If a trip to Japan is on your summer list, check the fine print on the fare: the fuel surcharge alone can run to about $400 each way — near the highest levels the country's airlines have ever charged — even though the price of jet fuel has been falling.
What's changing
Japan Airlines and All Nippon Airways set fuel surcharges on international tickets according to schedules they publish and update regularly, as detailed on ANA's and Japan Airlines' own surcharge pages. For summer travel, the surcharge on flights between Japan and North America sits around ¥65,000 (roughly $400) each way — a level the trade outlet Travel Voice reported followed steep increases the carriers announced earlier in the year on U.S. and European routes. Because the charge is added per direction, a round trip carries it twice.
Why it's rising when fuel is falling
The counterintuitive part is that global jet-fuel prices have eased in recent months, yet the surcharge stayed high. Two things explain the gap.
First, timing. Japanese carriers calculate their surcharges off an average fuel price from an earlier window — a lag of several weeks — so the charge you pay this summer reflects fuel costs from the spring, when prices were higher. When fuel falls, in other words, the savings reach passengers only after a delay; the airlines revise the figure on a set schedule rather than in real time.
Second, the yen. Oil is priced in U.S. dollars, and the yen has been trading near multi-decade lows against the dollar. That means each barrel of fuel costs a Japanese airline far more in yen than the dollar price alone suggests, keeping surcharges elevated even as the dollar price of fuel comes down. The carriers cite both fuel costs and the currency in explaining the charges.
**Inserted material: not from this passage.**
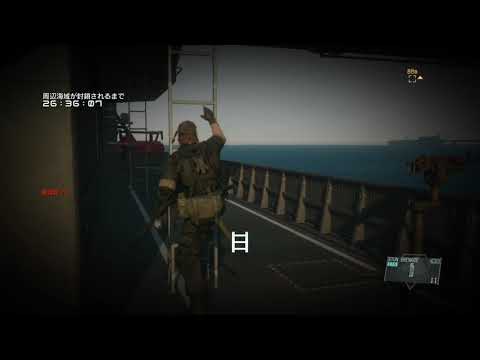 MGSV 運良く潜入成功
What it means for Southern California travelers
Los Angeles is one of the busiest U.S. gateways to Japan, so the surcharges land squarely on Angelenos planning summer trips. Other airlines flying the route add fuel surcharges of their own, though the amounts and formulas vary by carrier. The practical upshot: when comparing fares to Tokyo, look at the all-in price, not just the base fare, because the surcharge can add hundreds of dollars per traveler that a headline fare may not make obvious.
The outlook
There is some relief on the horizon. Because the surcharges are revised on a fixed cycle, later-summer and autumn bookings should begin to reflect the cheaper fuel of recent months — provided prices stay down and the yen doesn't weaken further. For now, though, travelers booking in the peak season are paying for the market as it looked in the spring. The specific yen figures cited here come from the airlines' published surcharge schedules and travel-industry reporting; exact amounts depend on route and booking date, so confirm the current surcharge when you buy.